The study by Hamer et al.  in this issue of Obesity presents results from an analysis of the association between achievement of moderate and vigorous PA according to the public health guidelines, with BMI and waist circumference using prospective data among middle-aged men and women from The Whitehall II cohort study. Information on PA and adiposity were assessed on three occasions during 9.5-12.9 years of follow-up. The authors report that PA was unrelated to BMI and waist circumference when using only the baseline information on PA. In contrast, when taking full advantage of the three repeated assessments of PA, participants consistently meeting the 2.5 hours/week PA public health guideline during follow-up had lower BMI (−0.43 kg/m2) and waist circumference (−2.50 cm) over 10-years compared with participants rarely meeting the guideline in a multivariable model including important determinants of adiposity such as total energy intake and smoking.

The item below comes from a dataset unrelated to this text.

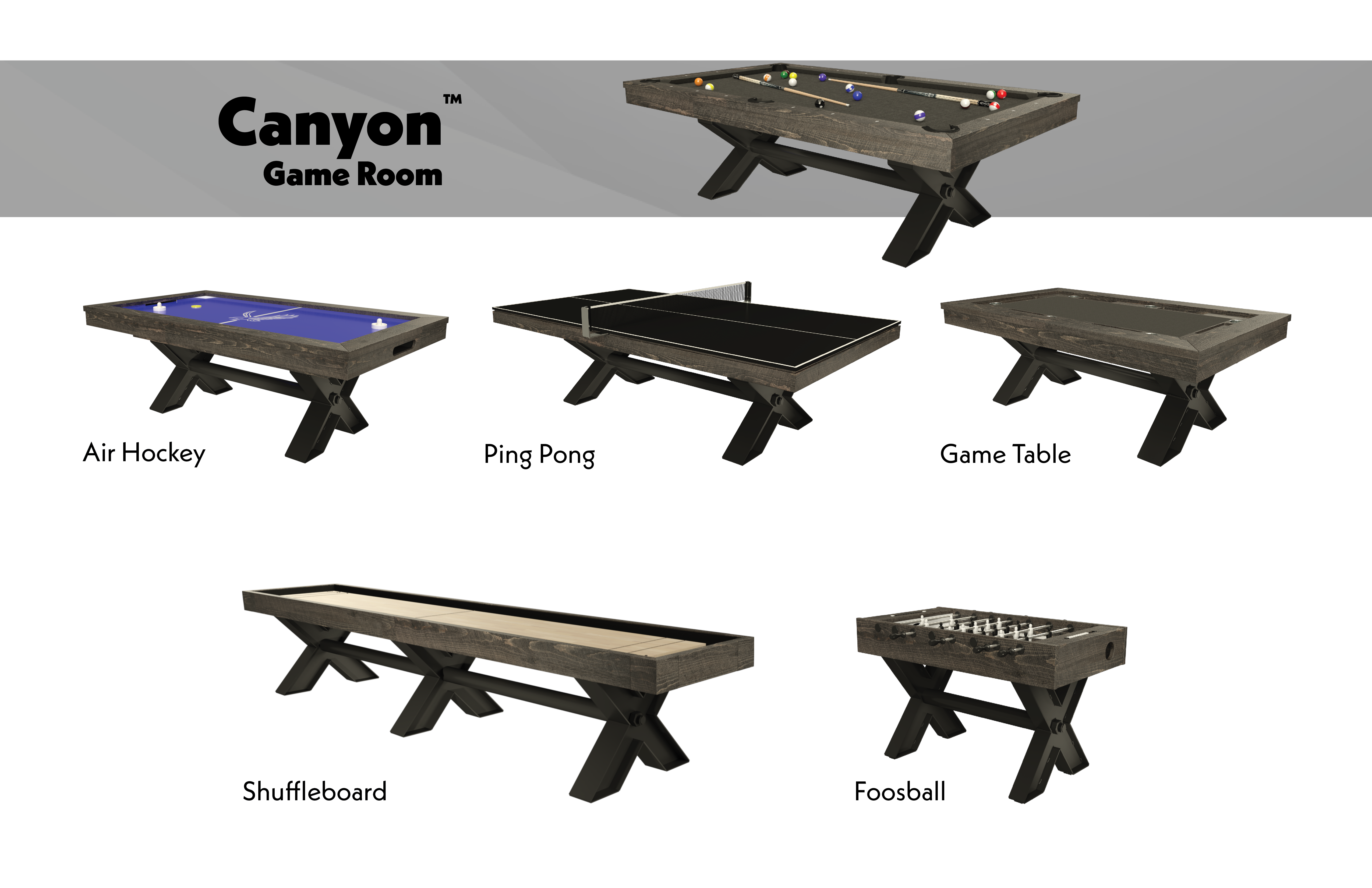 CANYON GAME ROOM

Interestingly, these findings are generally consistent with two other population-based prospective studies using multiple assessments of PA during follow-up [2, 3], although the data from Women's Health Study suggest that the total amount of PA should be approximately twice that of the current guideline for the prevention of gains in adiposity in women. Hamer et al.  also reported some evidence of a bi-directional association that adds to the evidence of a vicious cycle relationship in which low PA may influence adiposity gains and that gains in adiposity also may lead to a reduction in PA .

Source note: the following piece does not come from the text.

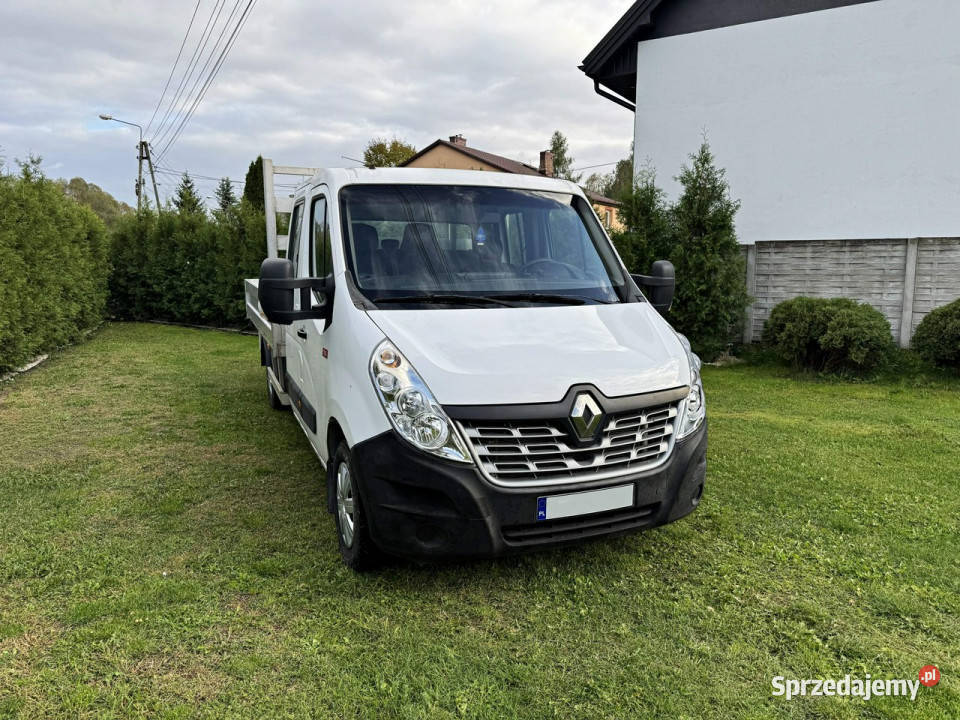 Renault Master 23 DCI 110 Doka 7 osób Klima klimatyzacja Renault Bliżyn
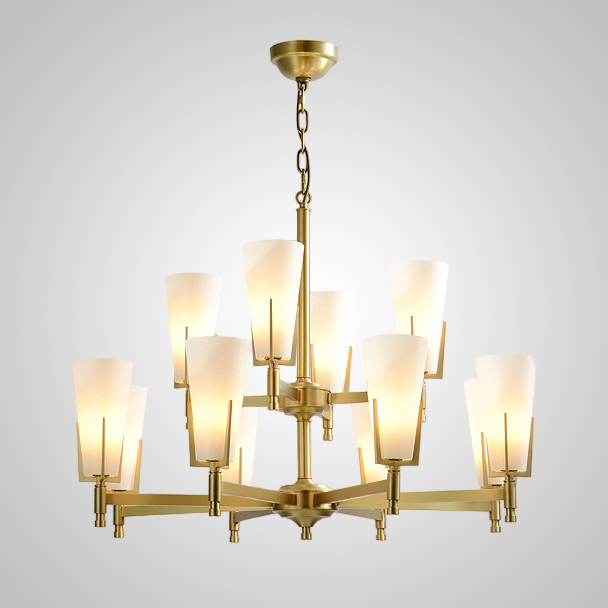 Подвесная люстра FABRICIO LUX L12 by ImperiumLoft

In the current public health guidelines for PA it is also recommended to additionally engage in muscle-strengthening activity at least two times/week. The authors did not address whether additional achievement of this component of the guidelines confers added and independent benefit for primary prevention of adiposity gains and to date this remains fairly unknown. In addition, the 2008 Physical Activity Guidelines for Americans  refers to PA beyond what is referred to as the “baseline activity” (the usual light or sedentary activities of daily living). Daily time spent on sedentary activities such as TV viewing and computer use is substantial for many people and is likely to displace other forms of “baseline activity” with greater energy expenditure. Estimating the independent effects of increasing “baseline activity” on prevention of adiposity gains in population samples is also an important topic for future studies.

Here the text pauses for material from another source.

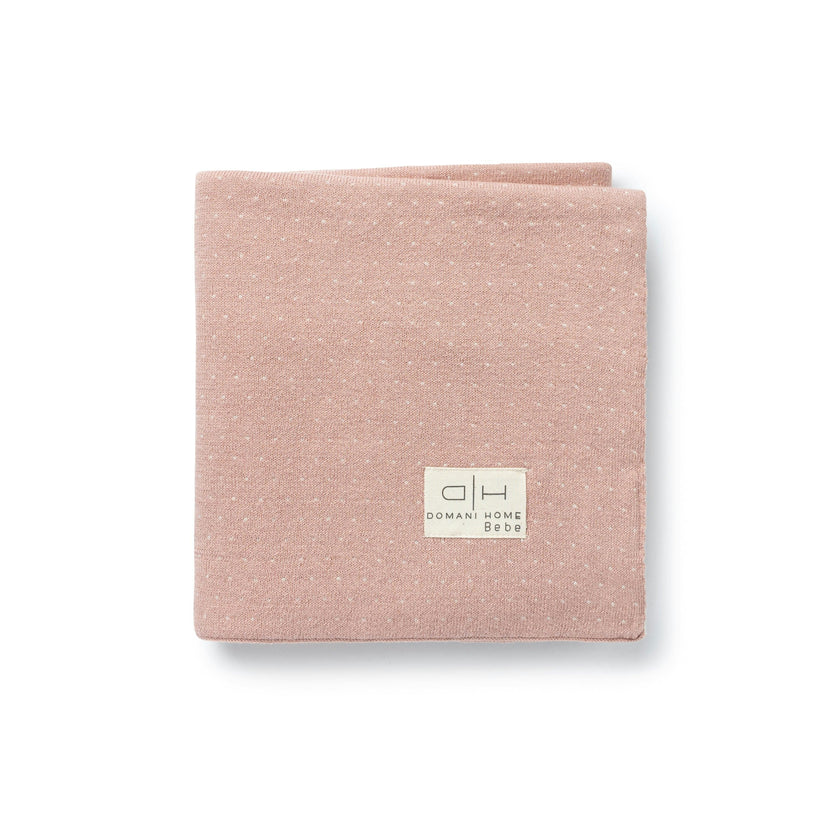 Dotty Blanket & Pouch Set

In conclusion, the study by Hamer et al.  suggests that engagement in moderate and vigorous PA according to the minimum of 2.5 hours/week recommended by the current guidelines can prevent gains in adiposity in a population of middle aged men and women. The study adds to the evidence that addressing obesity prevention in populations should not only focus on limiting energy intake but also put emphasis on encouraging increases in PA levels.